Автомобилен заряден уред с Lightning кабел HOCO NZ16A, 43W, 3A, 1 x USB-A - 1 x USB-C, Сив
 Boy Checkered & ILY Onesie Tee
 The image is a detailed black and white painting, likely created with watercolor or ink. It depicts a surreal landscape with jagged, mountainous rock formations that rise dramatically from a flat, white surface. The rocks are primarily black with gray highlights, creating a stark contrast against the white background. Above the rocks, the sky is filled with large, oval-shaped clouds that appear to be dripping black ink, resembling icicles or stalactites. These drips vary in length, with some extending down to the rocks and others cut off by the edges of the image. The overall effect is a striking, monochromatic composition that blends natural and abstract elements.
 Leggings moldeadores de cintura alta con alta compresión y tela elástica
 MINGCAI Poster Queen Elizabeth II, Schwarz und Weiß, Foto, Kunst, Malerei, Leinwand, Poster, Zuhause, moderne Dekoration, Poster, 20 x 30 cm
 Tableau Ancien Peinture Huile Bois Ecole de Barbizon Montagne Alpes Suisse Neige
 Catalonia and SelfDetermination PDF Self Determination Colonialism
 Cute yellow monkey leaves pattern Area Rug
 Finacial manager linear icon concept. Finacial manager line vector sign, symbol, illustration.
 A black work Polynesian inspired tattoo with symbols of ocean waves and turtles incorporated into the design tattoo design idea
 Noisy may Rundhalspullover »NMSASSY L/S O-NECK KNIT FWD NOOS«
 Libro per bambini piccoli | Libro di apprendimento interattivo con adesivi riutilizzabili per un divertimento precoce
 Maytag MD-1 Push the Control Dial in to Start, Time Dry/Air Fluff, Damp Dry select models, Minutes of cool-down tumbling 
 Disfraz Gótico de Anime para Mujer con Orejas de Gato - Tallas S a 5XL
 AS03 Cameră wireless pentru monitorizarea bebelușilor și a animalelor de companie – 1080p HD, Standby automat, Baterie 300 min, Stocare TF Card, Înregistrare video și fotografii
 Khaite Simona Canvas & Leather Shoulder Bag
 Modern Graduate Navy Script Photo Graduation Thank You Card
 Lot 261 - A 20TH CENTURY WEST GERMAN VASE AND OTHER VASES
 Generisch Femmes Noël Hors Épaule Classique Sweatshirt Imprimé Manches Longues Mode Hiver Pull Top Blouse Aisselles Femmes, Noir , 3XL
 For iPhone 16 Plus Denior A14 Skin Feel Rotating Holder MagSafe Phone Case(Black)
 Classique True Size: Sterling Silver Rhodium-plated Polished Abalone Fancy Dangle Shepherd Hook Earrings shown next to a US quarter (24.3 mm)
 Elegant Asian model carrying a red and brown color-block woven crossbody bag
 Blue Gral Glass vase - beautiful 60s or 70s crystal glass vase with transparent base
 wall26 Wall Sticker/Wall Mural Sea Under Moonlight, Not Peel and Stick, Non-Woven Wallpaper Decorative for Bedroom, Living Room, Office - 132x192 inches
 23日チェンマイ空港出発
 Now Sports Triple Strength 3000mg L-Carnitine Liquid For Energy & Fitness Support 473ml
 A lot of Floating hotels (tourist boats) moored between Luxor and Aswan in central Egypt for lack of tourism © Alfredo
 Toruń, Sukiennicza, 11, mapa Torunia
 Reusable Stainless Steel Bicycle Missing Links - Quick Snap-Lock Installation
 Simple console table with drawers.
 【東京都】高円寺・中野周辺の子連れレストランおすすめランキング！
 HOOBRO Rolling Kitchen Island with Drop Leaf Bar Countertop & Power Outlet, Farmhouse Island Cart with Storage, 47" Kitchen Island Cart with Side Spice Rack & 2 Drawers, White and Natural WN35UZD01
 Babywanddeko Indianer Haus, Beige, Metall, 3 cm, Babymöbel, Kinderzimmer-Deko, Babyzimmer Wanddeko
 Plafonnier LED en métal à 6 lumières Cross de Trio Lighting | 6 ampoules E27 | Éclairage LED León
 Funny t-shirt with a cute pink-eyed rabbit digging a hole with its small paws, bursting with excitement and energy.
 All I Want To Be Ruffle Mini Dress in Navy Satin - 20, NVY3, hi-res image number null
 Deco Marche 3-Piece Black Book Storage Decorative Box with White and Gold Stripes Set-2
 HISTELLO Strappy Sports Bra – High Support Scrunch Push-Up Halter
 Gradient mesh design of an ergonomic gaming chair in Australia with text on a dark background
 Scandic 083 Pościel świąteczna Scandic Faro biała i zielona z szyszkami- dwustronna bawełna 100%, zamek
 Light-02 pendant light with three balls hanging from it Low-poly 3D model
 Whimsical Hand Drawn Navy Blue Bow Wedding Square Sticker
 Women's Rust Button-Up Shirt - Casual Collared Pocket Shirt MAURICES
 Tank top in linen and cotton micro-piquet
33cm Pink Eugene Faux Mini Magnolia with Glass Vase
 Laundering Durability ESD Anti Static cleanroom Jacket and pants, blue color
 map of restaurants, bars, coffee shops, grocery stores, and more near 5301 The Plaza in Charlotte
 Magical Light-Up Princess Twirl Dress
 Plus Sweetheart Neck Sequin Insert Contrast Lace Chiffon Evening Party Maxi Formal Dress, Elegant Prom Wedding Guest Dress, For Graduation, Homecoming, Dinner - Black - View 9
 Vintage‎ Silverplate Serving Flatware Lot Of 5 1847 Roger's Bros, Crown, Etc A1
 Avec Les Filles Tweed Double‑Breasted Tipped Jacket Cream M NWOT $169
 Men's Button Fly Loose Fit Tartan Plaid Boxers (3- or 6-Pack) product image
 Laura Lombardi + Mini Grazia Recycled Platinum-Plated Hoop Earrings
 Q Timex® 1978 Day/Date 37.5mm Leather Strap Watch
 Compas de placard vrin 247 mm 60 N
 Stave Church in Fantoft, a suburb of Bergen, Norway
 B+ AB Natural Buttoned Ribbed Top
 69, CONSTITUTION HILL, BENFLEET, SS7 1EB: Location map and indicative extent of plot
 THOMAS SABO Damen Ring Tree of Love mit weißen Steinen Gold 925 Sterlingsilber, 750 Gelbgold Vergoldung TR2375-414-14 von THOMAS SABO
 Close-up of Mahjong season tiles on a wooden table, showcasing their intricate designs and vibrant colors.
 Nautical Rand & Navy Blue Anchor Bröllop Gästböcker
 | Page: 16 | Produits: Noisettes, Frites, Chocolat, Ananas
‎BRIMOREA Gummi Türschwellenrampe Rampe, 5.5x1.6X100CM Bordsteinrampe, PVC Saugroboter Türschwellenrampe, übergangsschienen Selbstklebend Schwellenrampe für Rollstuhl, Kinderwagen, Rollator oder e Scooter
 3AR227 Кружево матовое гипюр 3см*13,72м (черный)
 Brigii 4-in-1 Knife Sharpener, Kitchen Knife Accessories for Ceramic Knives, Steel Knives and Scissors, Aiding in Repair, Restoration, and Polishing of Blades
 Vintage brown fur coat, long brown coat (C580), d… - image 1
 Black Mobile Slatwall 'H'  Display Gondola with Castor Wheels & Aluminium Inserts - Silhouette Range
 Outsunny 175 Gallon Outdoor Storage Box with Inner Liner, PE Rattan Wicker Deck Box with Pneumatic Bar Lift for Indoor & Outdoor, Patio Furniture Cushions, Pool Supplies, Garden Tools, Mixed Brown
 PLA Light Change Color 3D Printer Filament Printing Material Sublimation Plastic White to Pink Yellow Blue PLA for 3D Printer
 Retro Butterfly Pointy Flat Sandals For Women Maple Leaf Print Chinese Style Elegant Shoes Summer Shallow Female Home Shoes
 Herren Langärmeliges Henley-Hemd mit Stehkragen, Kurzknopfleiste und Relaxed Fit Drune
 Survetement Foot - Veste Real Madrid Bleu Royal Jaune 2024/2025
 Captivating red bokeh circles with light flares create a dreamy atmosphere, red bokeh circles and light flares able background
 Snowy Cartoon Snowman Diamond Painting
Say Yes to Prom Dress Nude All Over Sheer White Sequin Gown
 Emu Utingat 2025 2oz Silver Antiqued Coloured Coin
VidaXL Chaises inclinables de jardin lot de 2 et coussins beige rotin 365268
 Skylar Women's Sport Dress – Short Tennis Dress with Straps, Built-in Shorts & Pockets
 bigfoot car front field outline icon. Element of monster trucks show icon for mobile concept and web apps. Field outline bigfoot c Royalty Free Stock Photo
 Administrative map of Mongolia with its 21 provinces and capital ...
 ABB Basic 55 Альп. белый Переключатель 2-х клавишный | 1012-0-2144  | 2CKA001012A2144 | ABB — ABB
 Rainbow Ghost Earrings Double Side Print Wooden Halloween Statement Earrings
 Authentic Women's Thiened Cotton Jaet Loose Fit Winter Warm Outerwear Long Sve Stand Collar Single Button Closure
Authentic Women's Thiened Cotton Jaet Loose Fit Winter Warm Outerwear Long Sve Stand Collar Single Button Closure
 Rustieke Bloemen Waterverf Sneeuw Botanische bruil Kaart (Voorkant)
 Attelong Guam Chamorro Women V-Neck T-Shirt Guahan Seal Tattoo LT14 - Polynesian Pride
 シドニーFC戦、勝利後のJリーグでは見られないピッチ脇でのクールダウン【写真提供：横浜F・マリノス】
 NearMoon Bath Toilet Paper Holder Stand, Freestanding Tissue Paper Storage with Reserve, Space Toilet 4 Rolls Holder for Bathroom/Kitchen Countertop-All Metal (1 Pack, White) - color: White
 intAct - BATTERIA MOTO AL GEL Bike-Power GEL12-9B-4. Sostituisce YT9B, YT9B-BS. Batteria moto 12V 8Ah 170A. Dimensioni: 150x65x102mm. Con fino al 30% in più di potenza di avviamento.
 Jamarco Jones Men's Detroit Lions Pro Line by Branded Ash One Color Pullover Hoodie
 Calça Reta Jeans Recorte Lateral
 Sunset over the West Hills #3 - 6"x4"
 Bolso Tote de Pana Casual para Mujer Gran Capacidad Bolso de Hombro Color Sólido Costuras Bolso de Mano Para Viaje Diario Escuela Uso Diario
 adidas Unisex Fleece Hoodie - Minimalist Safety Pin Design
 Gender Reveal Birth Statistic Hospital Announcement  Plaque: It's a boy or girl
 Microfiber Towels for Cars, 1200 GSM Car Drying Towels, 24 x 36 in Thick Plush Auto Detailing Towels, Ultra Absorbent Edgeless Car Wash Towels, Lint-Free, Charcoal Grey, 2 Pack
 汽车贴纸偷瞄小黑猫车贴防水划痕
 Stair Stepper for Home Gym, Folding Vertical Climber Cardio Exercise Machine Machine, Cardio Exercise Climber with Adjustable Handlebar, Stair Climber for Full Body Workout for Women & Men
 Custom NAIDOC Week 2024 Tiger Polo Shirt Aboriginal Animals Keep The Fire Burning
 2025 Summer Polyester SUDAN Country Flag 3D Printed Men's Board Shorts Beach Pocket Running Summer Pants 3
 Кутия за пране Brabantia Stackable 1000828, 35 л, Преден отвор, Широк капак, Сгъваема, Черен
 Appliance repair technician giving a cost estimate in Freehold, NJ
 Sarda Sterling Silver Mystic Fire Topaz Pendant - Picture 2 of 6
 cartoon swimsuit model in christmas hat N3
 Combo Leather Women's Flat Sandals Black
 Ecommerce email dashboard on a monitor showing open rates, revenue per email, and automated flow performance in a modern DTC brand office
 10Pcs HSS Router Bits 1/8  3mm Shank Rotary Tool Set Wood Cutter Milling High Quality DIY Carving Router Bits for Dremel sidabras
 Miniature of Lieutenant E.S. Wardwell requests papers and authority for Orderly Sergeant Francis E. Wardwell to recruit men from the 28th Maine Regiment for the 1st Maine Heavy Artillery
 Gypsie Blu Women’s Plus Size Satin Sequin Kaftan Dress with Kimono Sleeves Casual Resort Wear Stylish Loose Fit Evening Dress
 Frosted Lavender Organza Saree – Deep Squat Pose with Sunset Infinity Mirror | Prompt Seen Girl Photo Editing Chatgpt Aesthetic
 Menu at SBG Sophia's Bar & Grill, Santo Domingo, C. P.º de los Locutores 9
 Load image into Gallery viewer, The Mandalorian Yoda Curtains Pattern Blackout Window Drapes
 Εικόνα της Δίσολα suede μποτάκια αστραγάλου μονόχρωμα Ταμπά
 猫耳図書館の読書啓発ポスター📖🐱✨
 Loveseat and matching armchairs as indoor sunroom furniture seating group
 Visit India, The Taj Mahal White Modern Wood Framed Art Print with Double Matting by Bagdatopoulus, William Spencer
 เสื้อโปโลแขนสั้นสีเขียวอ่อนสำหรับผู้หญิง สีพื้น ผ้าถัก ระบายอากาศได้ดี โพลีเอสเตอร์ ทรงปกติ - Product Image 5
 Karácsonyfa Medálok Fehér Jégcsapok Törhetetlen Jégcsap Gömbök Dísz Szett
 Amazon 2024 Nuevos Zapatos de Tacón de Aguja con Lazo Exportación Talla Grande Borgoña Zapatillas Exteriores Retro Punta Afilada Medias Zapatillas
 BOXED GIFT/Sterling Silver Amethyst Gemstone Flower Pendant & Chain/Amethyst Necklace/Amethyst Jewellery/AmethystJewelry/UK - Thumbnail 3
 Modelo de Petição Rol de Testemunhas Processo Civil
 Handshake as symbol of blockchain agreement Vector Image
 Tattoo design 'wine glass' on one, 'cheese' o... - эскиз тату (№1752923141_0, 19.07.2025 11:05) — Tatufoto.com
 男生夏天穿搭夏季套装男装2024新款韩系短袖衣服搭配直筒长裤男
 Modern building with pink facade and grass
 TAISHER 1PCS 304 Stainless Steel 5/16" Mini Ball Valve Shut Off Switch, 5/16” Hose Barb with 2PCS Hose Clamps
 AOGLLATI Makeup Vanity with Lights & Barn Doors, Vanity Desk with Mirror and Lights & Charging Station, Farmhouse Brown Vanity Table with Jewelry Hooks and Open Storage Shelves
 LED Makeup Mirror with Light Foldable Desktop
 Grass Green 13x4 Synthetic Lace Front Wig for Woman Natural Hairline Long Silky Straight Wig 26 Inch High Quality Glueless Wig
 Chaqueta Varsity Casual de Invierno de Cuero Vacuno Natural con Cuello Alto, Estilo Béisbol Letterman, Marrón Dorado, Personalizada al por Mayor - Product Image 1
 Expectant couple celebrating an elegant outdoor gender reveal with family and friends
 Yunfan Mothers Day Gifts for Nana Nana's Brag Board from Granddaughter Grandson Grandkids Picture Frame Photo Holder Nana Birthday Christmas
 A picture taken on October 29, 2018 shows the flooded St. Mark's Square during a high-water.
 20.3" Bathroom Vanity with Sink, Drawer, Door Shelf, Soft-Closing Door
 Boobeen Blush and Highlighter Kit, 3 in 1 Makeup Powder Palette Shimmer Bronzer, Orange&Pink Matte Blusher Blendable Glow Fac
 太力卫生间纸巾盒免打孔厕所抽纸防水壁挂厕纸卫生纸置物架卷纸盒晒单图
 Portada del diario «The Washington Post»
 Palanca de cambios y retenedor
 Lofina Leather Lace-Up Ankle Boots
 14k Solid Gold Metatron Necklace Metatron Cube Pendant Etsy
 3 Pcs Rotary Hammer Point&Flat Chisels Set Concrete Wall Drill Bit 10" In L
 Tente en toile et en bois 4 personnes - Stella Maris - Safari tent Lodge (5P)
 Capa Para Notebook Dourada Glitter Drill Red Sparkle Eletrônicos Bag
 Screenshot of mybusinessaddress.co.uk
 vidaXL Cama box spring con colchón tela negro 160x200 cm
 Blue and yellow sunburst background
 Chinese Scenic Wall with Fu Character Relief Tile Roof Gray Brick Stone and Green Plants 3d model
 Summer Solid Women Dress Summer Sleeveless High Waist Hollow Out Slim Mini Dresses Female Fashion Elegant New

___

TASK BRIEF:
Your response should be the lines above from the first to the one containing "Tableau Ancien Peinture", inclusive, each given exactly.

WRITTEN RESPONSE:
Автомобилен заряден уред с Lightning кабел HOCO NZ16A, 43W, 3A, 1 x USB-A - 1 x USB-C, Сив
 Boy Checkered & ILY Onesie Tee
 The image is a detailed black and white painting, likely created with watercolor or ink. It depicts a surreal landscape with jagged, mountainous rock formations that rise dramatically from a flat, white surface. The rocks are primarily black with gray highlights, creating a stark contrast against the white background. Above the rocks, the sky is filled with large, oval-shaped clouds that appear to be dripping black ink, resembling icicles or stalactites. These drips vary in length, with some extending down to the rocks and others cut off by the edges of the image. The overall effect is a striking, monochromatic composition that blends natural and abstract elements.
 Leggings moldeadores de cintura alta con alta compresión y tela elástica
 MINGCAI Poster Queen Elizabeth II, Schwarz und Weiß, Foto, Kunst, Malerei, Leinwand, Poster, Zuhause, moderne Dekoration, Poster, 20 x 30 cm
 Tableau Ancien Peinture Huile Bois Ecole de Barbizon Montagne Alpes Suisse Neige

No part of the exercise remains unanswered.